Apart from the pictures, every line below needs to be reproduced verbatim.

- GIVEN INFORMATION -
-- Opening Marker --
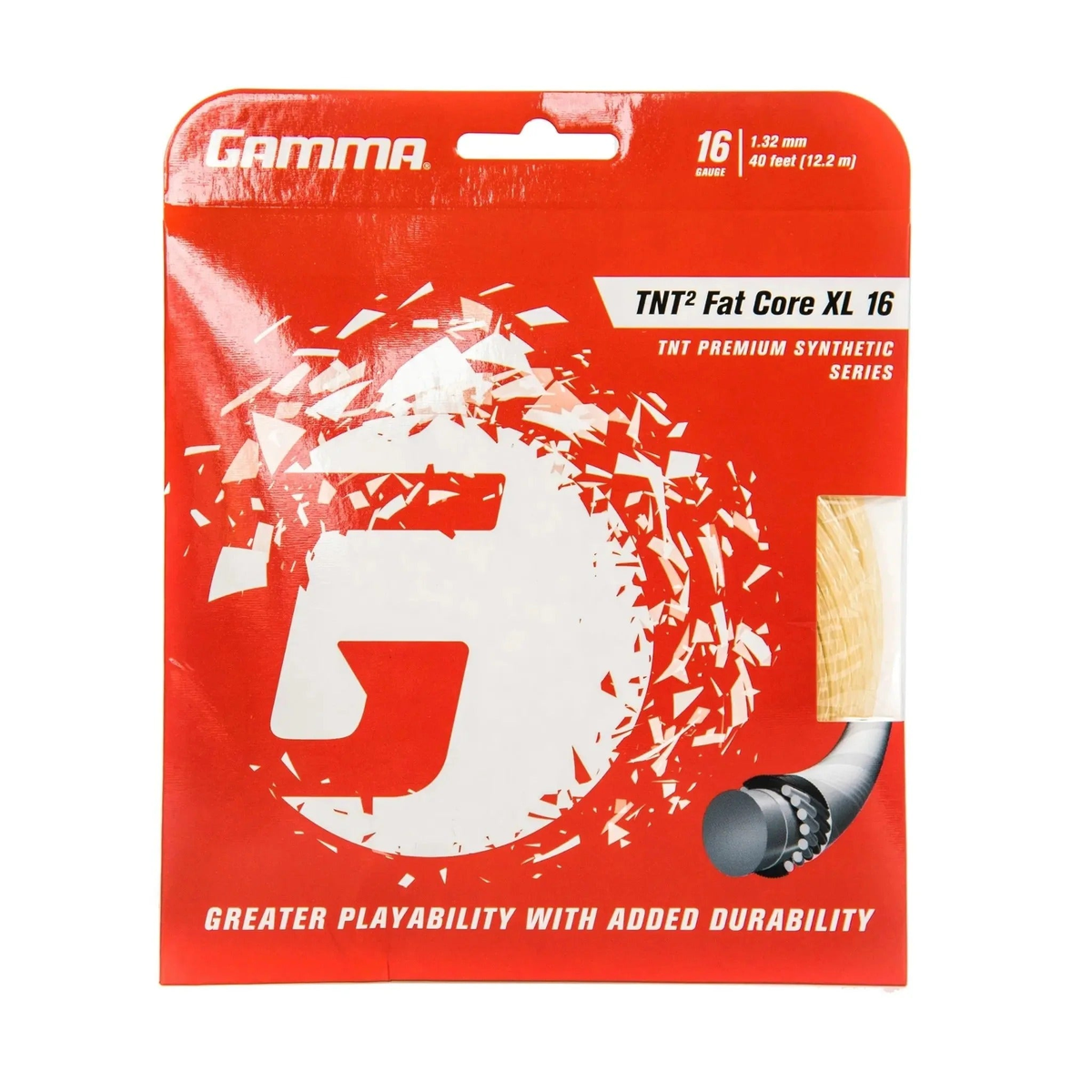 Tennis racket string set in retail packaging, designed for enhanced playability, power, and added durability.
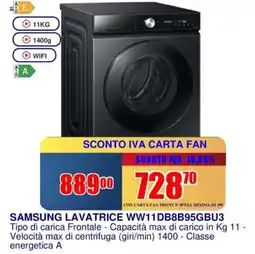 Trony SAMSUNG LAVATRICE WW11DB8B95GBU3 offerta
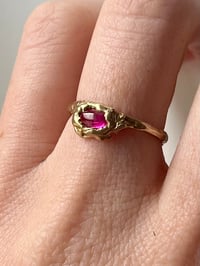 Image 4 of Bronze Grotto Tiny Ring with Red Cubic Zirconia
-- Closing Marker --
- RESPONSE BELOW -
 Tennis racket string set in retail packaging, designed for enhanced playability, power, and added durability.
 Trony SAMSUNG LAVATRICE WW11DB8B95GBU3 offerta
 Image 4 of Bronze Grotto Tiny Ring with Red Cubic Zirconia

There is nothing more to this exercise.